GE's current valuation compared to financial peers
Keeping with enterprise multiple theme, let us compare GE to several financial stocks. As GE Capital is somewhat diversified, with various operating segments, we need to pick several different types of financial stocks. For my comparison I use American Express (AXP) and Wells Fargo (WFC), as one represents a growth-oriented credit card company, while the other is a more traditional banking stock.
Even here, GE appears to trade at a substantial discount, with American Express commanding nearly a 30% premium while Wells Fargo trades at 12% premium. Do note that GE Capital's assets are generally of much lower quality, which may be a factor in the valuation.
Upside Catalyst: Massive share buybacks and possible dividend increase
Earlier in the year, GE announced that it would use most of the proceeds from its $16.7B sale of its minority stake in NBC Universal to Comcast (CMCSA) for share buybacks. The company also noted that it would like to lower its share count to below 10B, which is the level GE was before the 2008 crisis. Assuming its current share price, this would cost GE about $4.2B. GE also noted that it has paid out about $9.9B of the $18B it plans to return this year to its shareholders via dividends and share buybacks. Of special note is that GE's CEO Jeff Immelt estimates that the company will generate $100B that will be allocated to dividends over the next few years.
Regarding dividends, GE's last two dividend increases came during Q4. While dividend increases are not carved in stone, it seems unlikely that GE will not increase its dividend this year. GE's last two dividend increases were about $0.02 per share per quarter, or about $0.08 annually. This would appear to be a likely target for GE's next dividend increase as it would be in line with its EPS growth this year. Assuming that GE does increase its quarterly dividend by 2 cents, this would imply a 3.63% yield and 55% payout ratio using its current price and TTM adjusted earnings.
GE Capital's assets are not of the highest quality and were the cause of significant losses during the 2008 financial crisis. As a result, GE was forced to seek federal aid via a massive $140B bailout and was also a factor in the decision to cut the dividend nearly 70% in 2009.
The market appears to be having trouble valuing GE. The company trades at a large discount when compared to both its industrial and financial peers. If GE Capital were completely separated from GE it would likely be valued more correctly, which is likely to be in line with other financial stocks.

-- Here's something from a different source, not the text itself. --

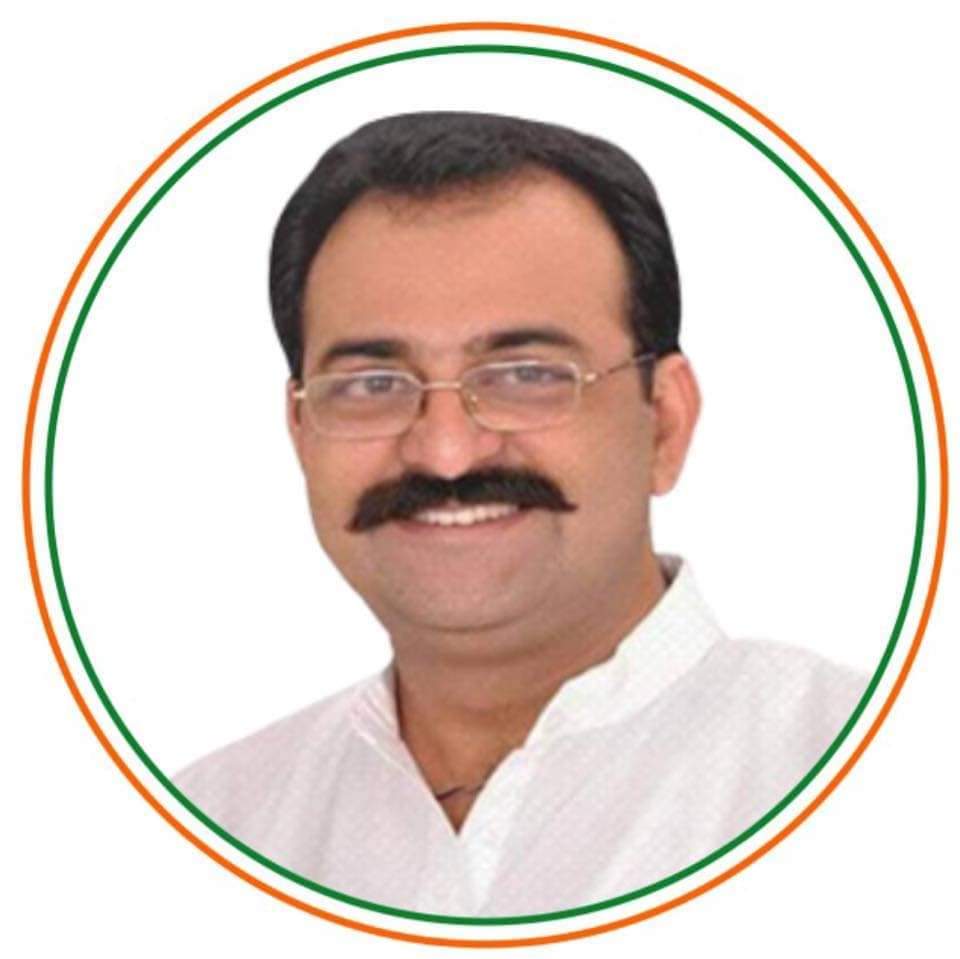 AaminAliDayer's tweet image. अखिल भारतीय कांग्रेस कमेटी के नवनियुक्त सचिव श्री काजी निज़ामुद्दीन जी, श्रीमती अमृता धवन जी, एवं श्री वीरेंद्र सिंह राठौड़ जी को राजस्थान प्रदेश का सह प्रभारी बनने पर हार्दिक बधाई एवं शुभकामनाएं। @INCIndia @INCRajasthan @qazinizamuddin @AmritaDhawan1 #virendrarathore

Make no mistake about it, GE is an industrial stock first and foremost. The decision to exit retail financing should be considered a good first step for investors in GE. It is my opinion that GE Capital has been drag on GE's valuation. The company would most likely command a higher multiple if GE consisted solely of its growth oriented industrial segments.
Disclaimer: The opinions in this article are for informational purposes only and should not be construed as a recommendation to buy or sell the stocks mentioned. Please do your own due diligence before making any investment decision.